Cette proposition, c'est le Président de la République qui l'a faite, et elle permet le débat. Si l'on organisait partout des états généraux et des référendums, comme cela a été proposé hier, il n'en sortirait rien d'autre que l'immobilisme et l'absence de réforme. Le Président de la République et le Gouvernement assument pleinement la nécessité de la réforme dont la France a besoin. Il lui faut des régions grandes et fortes, elles-mêmes capables de renforcer le pays.

Le texte sera présenté en conseil des ministres le 18 juin prochain, en même temps que le texte relatif aux compétences et à la montée en puissance de l'intercommunalité. Le texte relatif au tableau des conseillers régionaux sera défendu par le ministre de l'intérieur, ce qui est tout à fait naturel. C'est à partir de ce moment-là que s'engagera le débat, d'abord au Sénat puis à l'Assemblée nationale au mois de juillet, afin que cette réforme entre en pratique.

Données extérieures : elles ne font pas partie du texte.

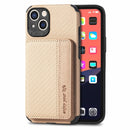 Carbon Fiber Magnetic Card Bag TPU+PU Shockproof Back Cover Case with Holder & Card Slot & Photo Frame For iPhone 13 mini(Khaki)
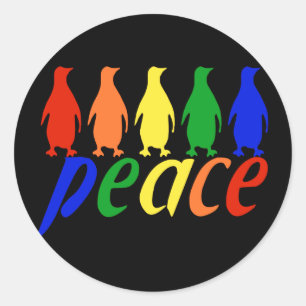 Adesivo Redondo Pinguins da paz do arco-íris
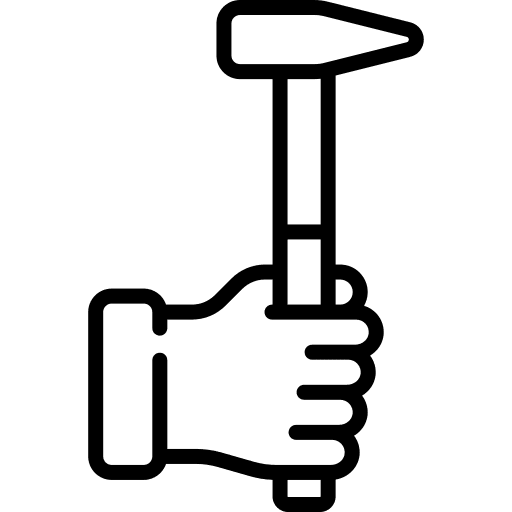 Hammer tool contruction hands and gestures icon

Il ne faut pas en avoir peur, car cette réforme sera positive pour notre pays et, je le répète, sera accompagnée de la montée en puissance de l'intercommunalité, mais aussi du travail que nous devrons accomplir concernant les départements, conformément à la perspective tracée par le Président de la République afin, notamment, de protéger les territoires les plus faibles, ceux qui souffrent de la crise, ceux qui se sentent éloignés et insuffisamment protégés – je pense par exemple, mais pas seulement, aux territoires ruraux. Voilà le travail que nous devons conduire, en prenant l'engagement que l'État soit aussi plus proche et plus efficace au niveau des départements.

Au-delà des prises de position et des effets de manche, et comme je sais que vous êtes un député et un maire sérieux, qui connaît bien ces sujets (« Bravo ! » sur quelques bancs du groupe UMP), je ne doute pas un seul instant que nous parviendrons à travailler et à avancer ensemble en faveur de l'intérêt général. (Applaudissements sur plusieurs bancs du groupe SRC.)